### EXTRACTED ENTRIES
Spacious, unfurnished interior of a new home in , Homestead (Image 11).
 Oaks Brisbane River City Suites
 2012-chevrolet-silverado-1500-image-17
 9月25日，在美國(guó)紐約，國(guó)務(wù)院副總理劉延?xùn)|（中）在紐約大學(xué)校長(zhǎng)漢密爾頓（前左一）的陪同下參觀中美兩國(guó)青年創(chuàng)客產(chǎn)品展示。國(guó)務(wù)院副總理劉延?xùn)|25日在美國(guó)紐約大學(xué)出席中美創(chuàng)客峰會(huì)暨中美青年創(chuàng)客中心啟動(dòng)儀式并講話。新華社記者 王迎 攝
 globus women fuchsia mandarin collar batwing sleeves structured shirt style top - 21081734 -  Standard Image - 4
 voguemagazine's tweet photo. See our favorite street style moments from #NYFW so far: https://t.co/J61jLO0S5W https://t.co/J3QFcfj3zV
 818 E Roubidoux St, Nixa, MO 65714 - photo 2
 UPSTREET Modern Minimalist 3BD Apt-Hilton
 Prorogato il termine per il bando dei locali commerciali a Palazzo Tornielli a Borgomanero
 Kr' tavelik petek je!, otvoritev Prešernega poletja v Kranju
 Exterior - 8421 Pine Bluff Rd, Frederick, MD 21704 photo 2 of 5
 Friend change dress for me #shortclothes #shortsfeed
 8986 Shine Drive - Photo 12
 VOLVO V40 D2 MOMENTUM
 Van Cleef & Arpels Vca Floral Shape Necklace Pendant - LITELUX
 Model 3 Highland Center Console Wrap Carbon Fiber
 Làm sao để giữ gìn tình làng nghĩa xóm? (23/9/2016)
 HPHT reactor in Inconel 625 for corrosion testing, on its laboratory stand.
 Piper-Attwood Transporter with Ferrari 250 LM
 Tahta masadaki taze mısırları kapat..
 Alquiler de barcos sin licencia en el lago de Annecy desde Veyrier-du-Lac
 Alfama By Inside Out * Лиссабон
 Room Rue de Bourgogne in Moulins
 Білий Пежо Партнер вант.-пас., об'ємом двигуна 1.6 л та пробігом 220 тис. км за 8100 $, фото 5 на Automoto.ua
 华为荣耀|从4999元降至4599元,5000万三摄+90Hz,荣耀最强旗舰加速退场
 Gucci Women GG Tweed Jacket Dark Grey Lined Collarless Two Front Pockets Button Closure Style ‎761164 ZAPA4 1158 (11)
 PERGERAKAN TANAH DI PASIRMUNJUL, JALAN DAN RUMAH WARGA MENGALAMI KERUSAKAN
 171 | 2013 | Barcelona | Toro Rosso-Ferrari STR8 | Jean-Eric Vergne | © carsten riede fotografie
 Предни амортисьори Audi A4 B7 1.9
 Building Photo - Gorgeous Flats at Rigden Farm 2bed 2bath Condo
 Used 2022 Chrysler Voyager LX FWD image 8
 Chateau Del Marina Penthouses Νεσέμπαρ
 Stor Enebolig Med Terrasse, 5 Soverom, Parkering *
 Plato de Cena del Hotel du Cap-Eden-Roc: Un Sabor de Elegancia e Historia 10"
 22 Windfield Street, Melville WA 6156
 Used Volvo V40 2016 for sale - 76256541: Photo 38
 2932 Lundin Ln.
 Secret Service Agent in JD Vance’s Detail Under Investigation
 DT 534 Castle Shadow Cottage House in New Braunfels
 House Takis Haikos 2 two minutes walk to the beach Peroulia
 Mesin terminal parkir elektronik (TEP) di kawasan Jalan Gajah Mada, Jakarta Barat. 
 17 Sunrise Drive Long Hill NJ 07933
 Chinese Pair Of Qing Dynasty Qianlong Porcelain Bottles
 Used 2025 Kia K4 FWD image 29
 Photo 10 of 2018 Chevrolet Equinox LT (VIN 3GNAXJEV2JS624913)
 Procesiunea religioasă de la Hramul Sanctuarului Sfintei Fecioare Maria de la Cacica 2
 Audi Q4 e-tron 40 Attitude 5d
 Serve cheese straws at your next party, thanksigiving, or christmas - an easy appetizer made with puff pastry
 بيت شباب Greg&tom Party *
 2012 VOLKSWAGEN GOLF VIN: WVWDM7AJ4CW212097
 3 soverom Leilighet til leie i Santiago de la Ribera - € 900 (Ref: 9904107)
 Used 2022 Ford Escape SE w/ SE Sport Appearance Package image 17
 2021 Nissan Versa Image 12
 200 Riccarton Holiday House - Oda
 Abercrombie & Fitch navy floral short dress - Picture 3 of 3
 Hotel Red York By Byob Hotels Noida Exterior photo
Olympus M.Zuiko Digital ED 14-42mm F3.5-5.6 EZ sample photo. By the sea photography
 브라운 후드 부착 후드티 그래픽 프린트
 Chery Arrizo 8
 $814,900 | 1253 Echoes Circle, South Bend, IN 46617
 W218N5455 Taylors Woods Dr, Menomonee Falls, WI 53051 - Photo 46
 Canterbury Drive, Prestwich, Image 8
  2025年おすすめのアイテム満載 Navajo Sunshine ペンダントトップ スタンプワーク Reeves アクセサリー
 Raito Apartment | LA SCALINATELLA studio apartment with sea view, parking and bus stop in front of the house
######
- EXERCISE PROMPT
Return exactly the lines from the one containing "Canterbury Drive, Prestwich, Image 8" through the last line of the records above, both included, and nothing else.

- EXERCISE SOLUTION
 Canterbury Drive, Prestwich, Image 8
  2025年おすすめのアイテム満載 Navajo Sunshine ペンダントトップ スタンプワーク Reeves アクセサリー
 Raito Apartment | LA SCALINATELLA studio apartment with sea view, parking and bus stop in front of the house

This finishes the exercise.